Fortescue Metals Group Limited (ASX: FMG) shares have been rocketing higher in 2019.
The company's shares are up 134.46% so far this year on the back of strong commodity prices and earnings.
But is there still time to buy or should you look elsewhere for value on the ASX in 2020?
Why Fortescue shares are surging higher in 2019
Despite the strong capital gains this year, it hasn't been all smooth sailing for Fortescue shareholders.
The company's shares have been under pressure in periods of 2019 largely due to fluctuating gold prices and the US–China trade war.
Despite these challenges, Fortescue shares have more than doubled on the back of earnings outperformance in FY 2019.
Fortescue's revenues rocketed 45% to US$9.96 billion while underlying EBITDA surged 90% to US$6 billion.
The real kicker?
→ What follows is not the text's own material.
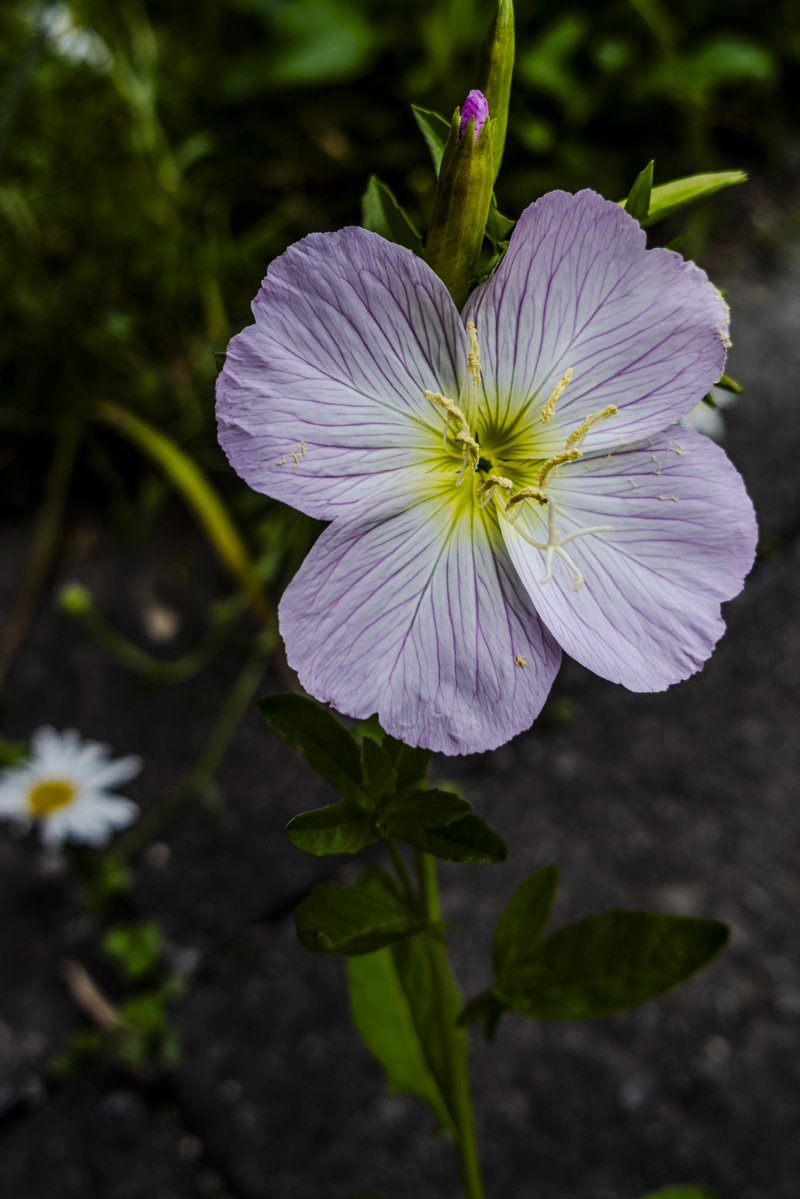 yatakaharu's tweet image. #sonyzv1 #dxopure #Lightroom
Fortescue's net profit after tax (NPAT) rocketed an astonishing 263% to US$3.19 billion.
Should you buy in 2020?
There's no doubt Fortescue has been a top performer on the ASX 200 in 2019. But past performance doesn't indicate future success and here's where I would be wary.
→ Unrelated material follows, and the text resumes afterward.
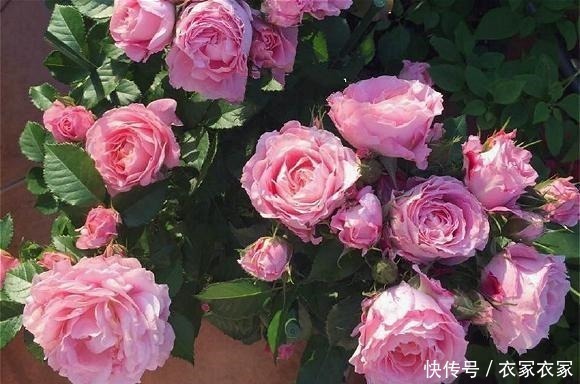 花朵|6种“网红”月季，专为阳台而生，养一盆1年365天都有花赏！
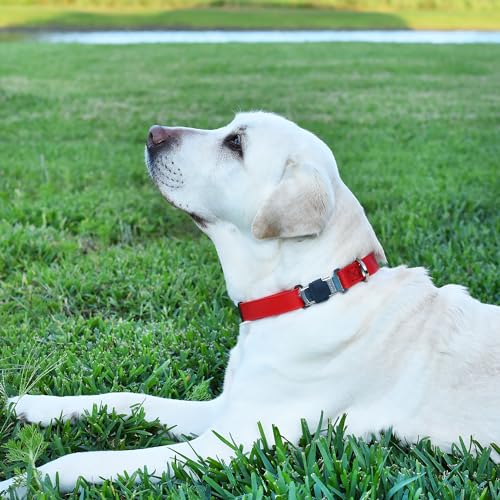 Biothane Waterproof Dog Collar with Herm Sprenger Black Stainless Steel Quick Release Buckle (W 3/4" x L 12"-19" / Cherry Red)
Fortescue shares are currently trading at a price-to-earnings (P/E) multiple of 6.41x earnings, which makes it one of the better value ASX mining stocks on the market.
For comparison, BHP Group Ltd (ASX: BHP) and Rio Tinto Limited (ASX: RIO) shares trade at 15.3x and 8.1x, respectively.
Despite Fortescue's strong capital gains in 2019, I think the exposure to commodity prices makes the stock a risky one in 2020.
However, if you're looking for commodities exposure in your portfolio then Fortescue shares could be a great option.
What are some ASX alternatives?
I personally like some of the countercyclical stocks on the market right now which could be better value than Fortescue shares.
I'd be keeping an eye on CSL Limited (ASX: CSL) and Origin Energy Ltd (ASX: ORG) ahead of the February results season.
These stocks could provide strong dividends and robust earnings in the face of a changing business cycle in 2020.